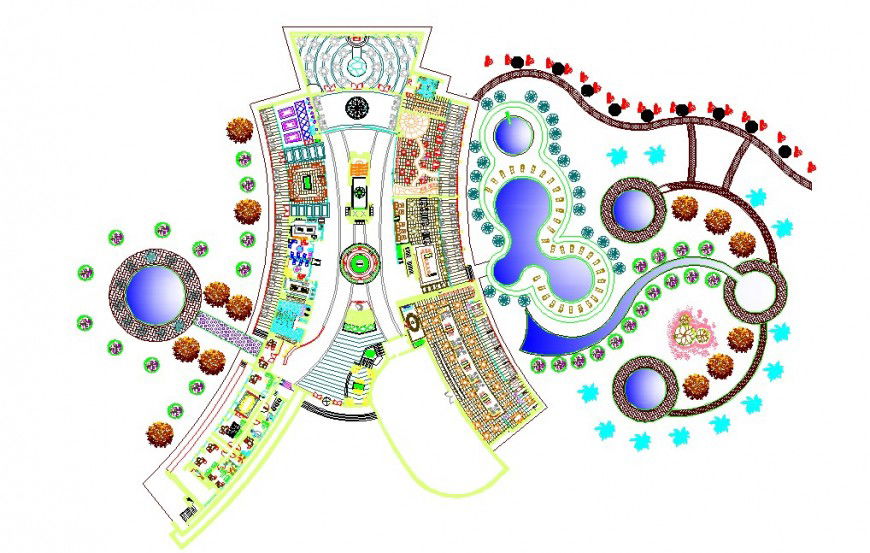 Architectural layout plan of a hotel dwg file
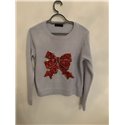 M&S Blue Bow Christmas Jumper Womens Uk Size M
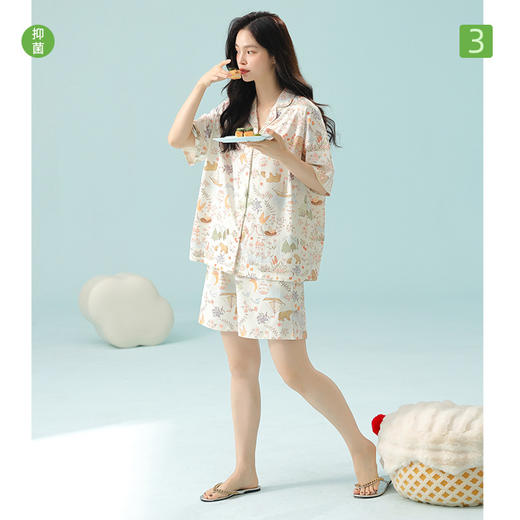 【大牌品质】【抗菌新疆棉】春夏季A类拉架棉睡衣 7A级抑菌防螨超柔凉感纯棉家居服套装 商品图0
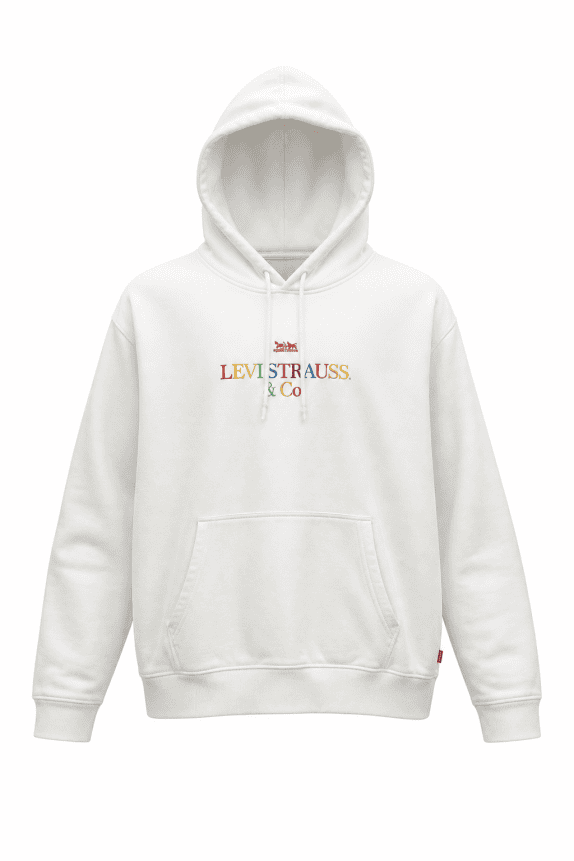 LEVIS HOODIE STREETWEAR OFF WHITE MEN PRE OWNED L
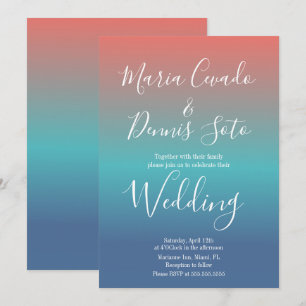 Convite Casamento Bold Gradiente Pôr do Sol Script
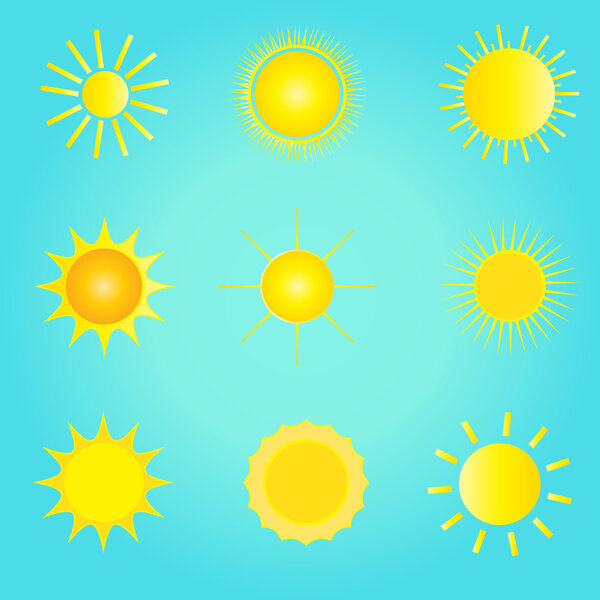 Set of the sun icon elements on blue background. For Art, Print, web design. Vector Illustration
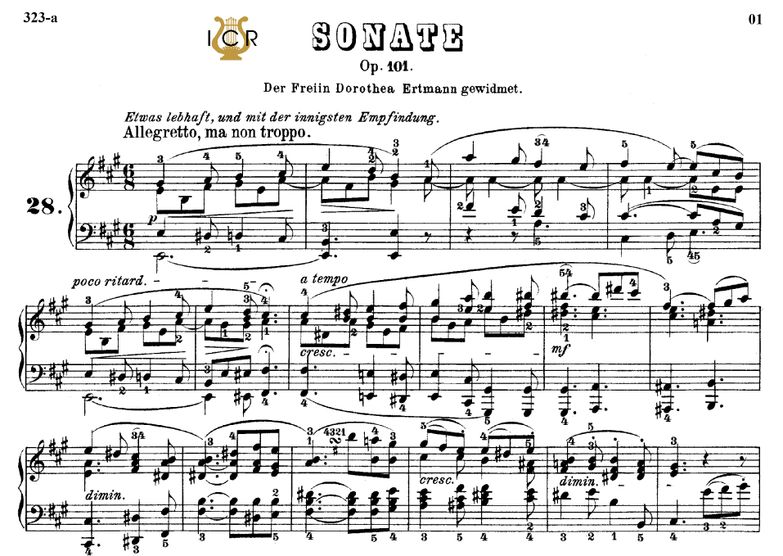 Piano Sonata No.28, Op.101 in E Major, L.V.Beethov...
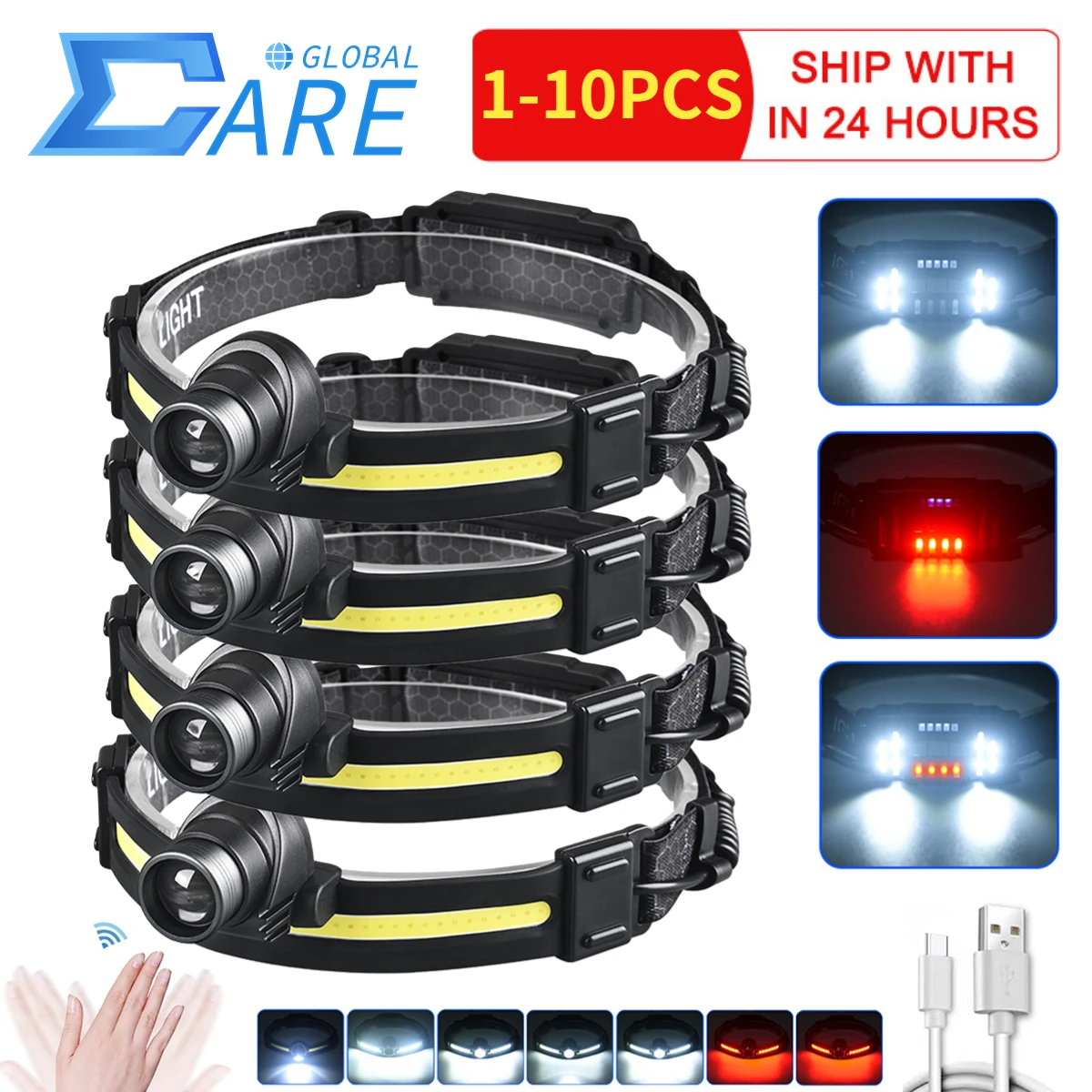 

1-10PC Sensor Headlamp COB LED Head Lamp Flashlight USB Rechargeable Head Torch 7 Lighting Mode Waterproof Headlight for Outdoor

++++++++++

● Aim of the exercise: Output the records exactly, please. The pictures are not part of the copy.

● Result of this exercise:
 Architectural layout plan of a hotel dwg file
 M&S Blue Bow Christmas Jumper Womens Uk Size M
 【大牌品质】【抗菌新疆棉】春夏季A类拉架棉睡衣 7A级抑菌防螨超柔凉感纯棉家居服套装 商品图0
 LEVIS HOODIE STREETWEAR OFF WHITE MEN PRE OWNED L
 Convite Casamento Bold Gradiente Pôr do Sol Script
 Set of the sun icon elements on blue background. For Art, Print, web design. Vector Illustration
 Piano Sonata No.28, Op.101 in E Major, L.V.Beethov...

1-10PC Sensor Headlamp COB LED Head Lamp Flashlight USB Rechargeable Head Torch 7 Lighting Mode Waterproof Headlight for Outdoor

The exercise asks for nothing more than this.